Trains a model according to a given configuration on the libritts dataset. Uses a list of GPU indices as an argument, and uses distributed data parallelism (DDP) if more than one index is given. For example, --gpus 0 3 will train using DDP on GPUs 0 and 3.

Monitor

Run tensorboard --logdir runs/. If you are running training remotely, you must create a SSH connection with port forwarding to view Tensorboard.
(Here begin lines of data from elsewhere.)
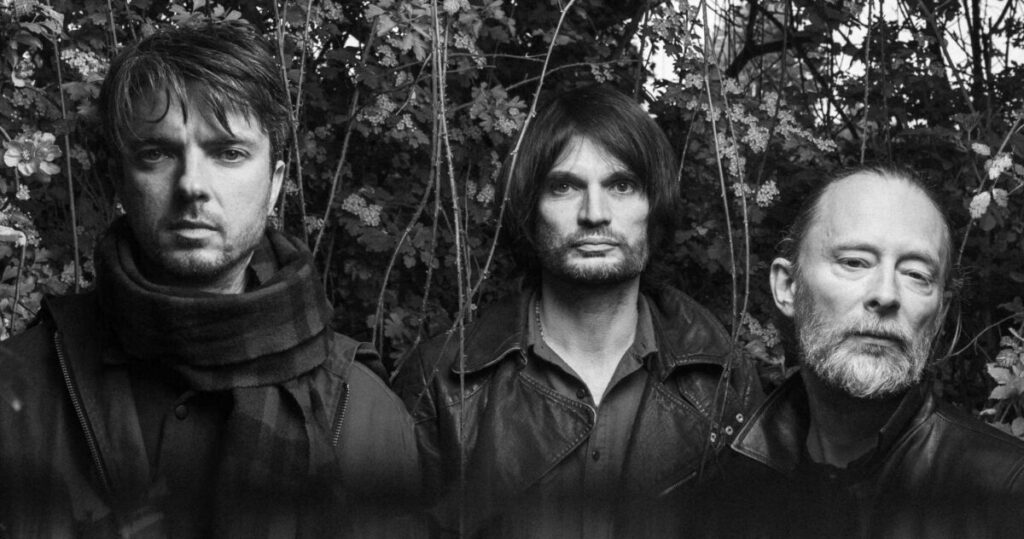 The Smile – Thom Yorke, Jonny Greenwood and Tom Skinner, 2022 publicity photo by Alex Lake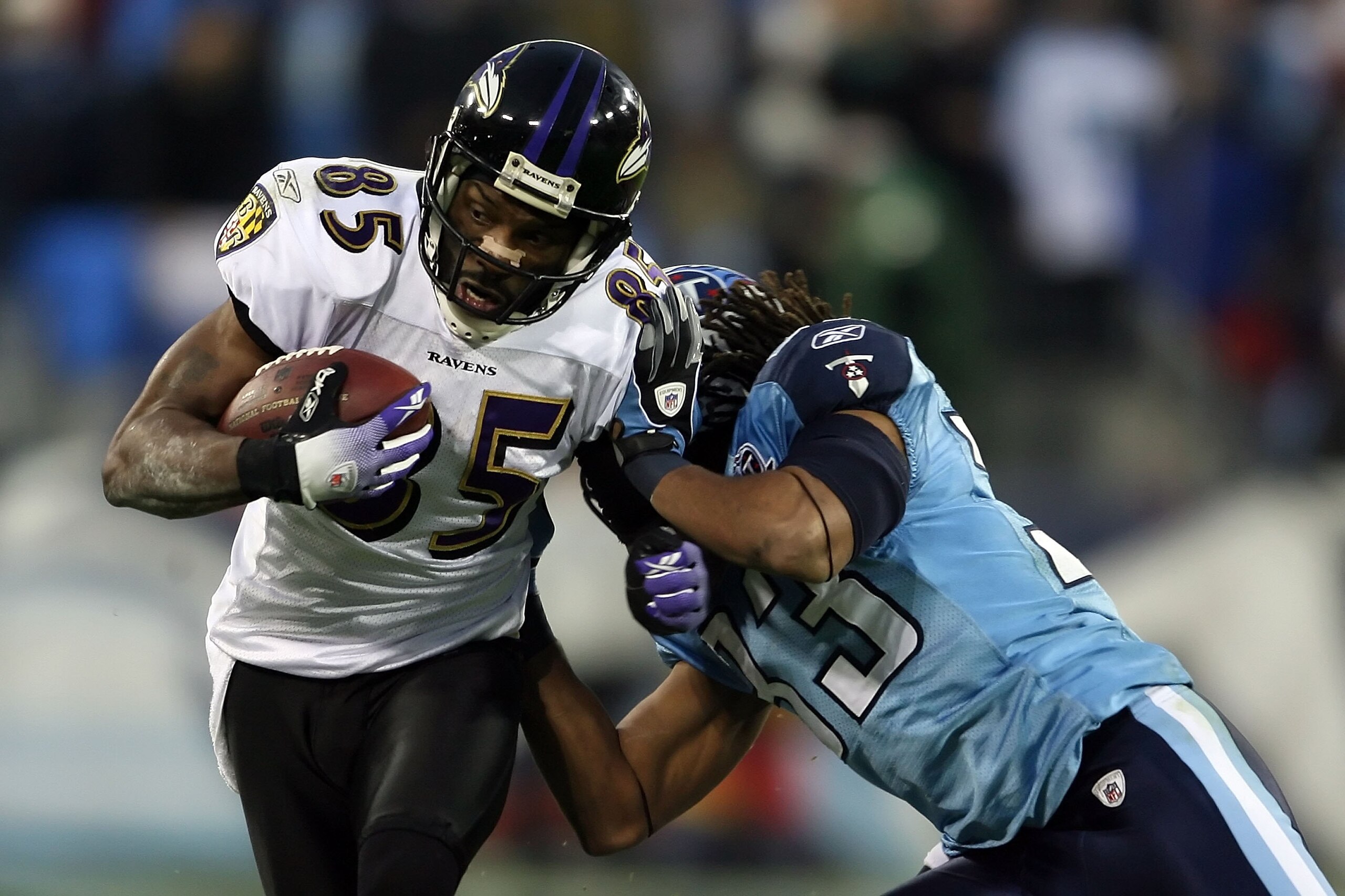NASHVILLE, TN - JANUARY 10: Wide receiver Derrick Mason #85 of the Baltimore Ravens is hit by safety Michael Griffin #33 of the Tennessee Titans during the AFC Divisional Playoff Game on January 10, 2009 at LP Field in Nashville, Tennessee. (Photo by An NASHVILLE, TN - JANUARY 10: Wide receiver Derrick Mason #85 of the Baltimore Ravens is hit by safety Michael Griffin #33 of the Tennessee Titans during the AFC Divisional Playoff Game on January 10, 2009 at LP Field in Nashville, Tennessee. (Photo by An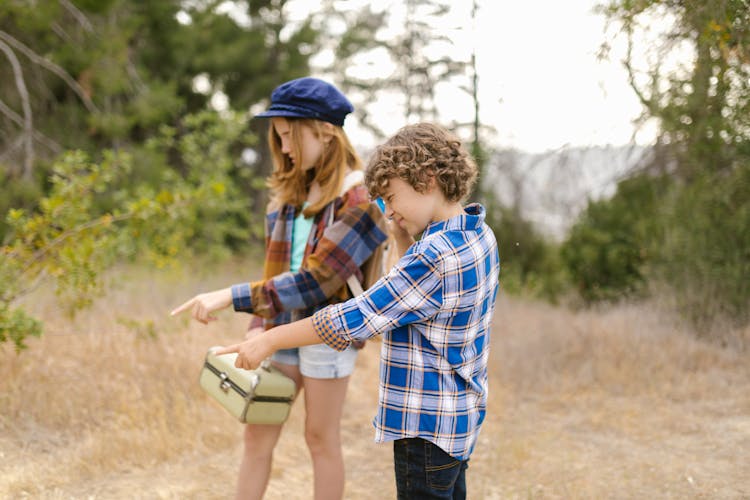 A Boy And Girl Wearing Plaid Long Sleeves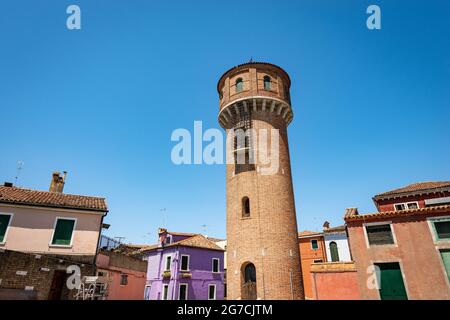 Alter Wasserturm des Aquädukts auf der Insel Burano und kleine mehrfarbige Häuser an einem sonnigen Frühlingstag. Lagune von Venedig, Venetien, Italien, Südeuropa. Stockfoto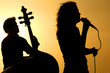 a singer and a stand up base silhouette
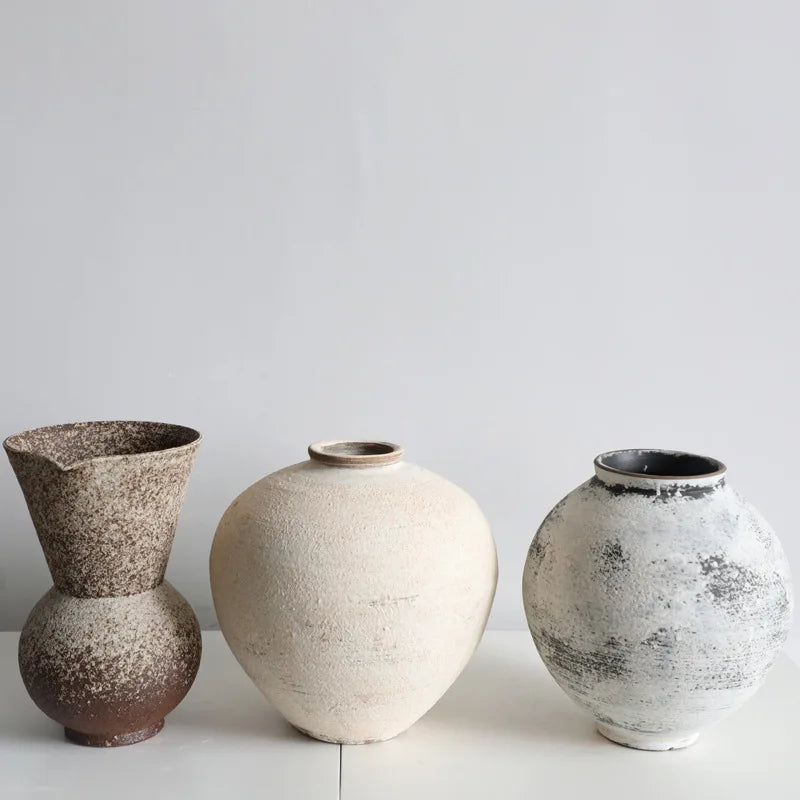 Three ceramic vases with textured surfaces on a white surface and light gray background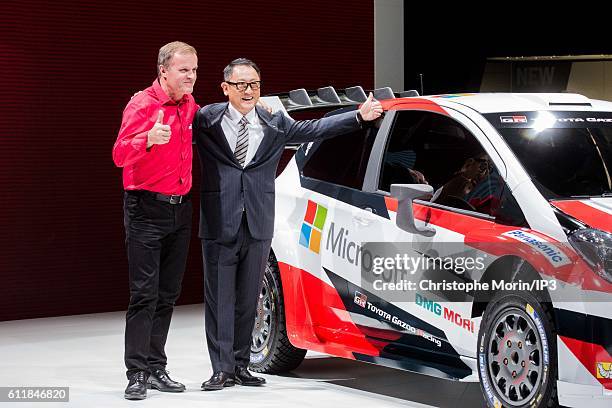 The Finnish rally driver Tommi Makinen poses next to President and CEO of Toyota Motor Corporation Akio Toyoda who presents their latest Toyota Yaris...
This can be done with ssh -L 6006:localhost:6006 <user>@<server-ip-address>. Then, open localhost:6006 in your browser.

Evaluate

python -m pyfal.evaluate \
    --config <config> \
    --checkpoint <checkpoint> \
    --gpu <gpu>

Evaluate a model. <checkpoint> is the checkpoint file to evaluate and <gpu> is the GPU index.

References

[1] R. Badlani, A. Łańcucki, K. J. Shih, R. Valle, W. Ping, and B. Catanzaro, "One TTS Alignment to Rule Them All," International Conference on Acoustics, Speech and Signal Processing (ICASSP), 2022.

[2] J. Yuan and M. Liberman, “Speaker identification on the scotus corpus,” Journal of the Acoustical Society of America, vol. 123, p. 3878, 2008.

[3] M. McAuliffe, M. Socolof, S. Mihuc, M. Wagner, and M. Sonderegger, "Montreal Forced Aligner: Trainable Text-Speech Alignment Using Kaldi," Interspeech, vol. 2017, p. 498-502. 2017.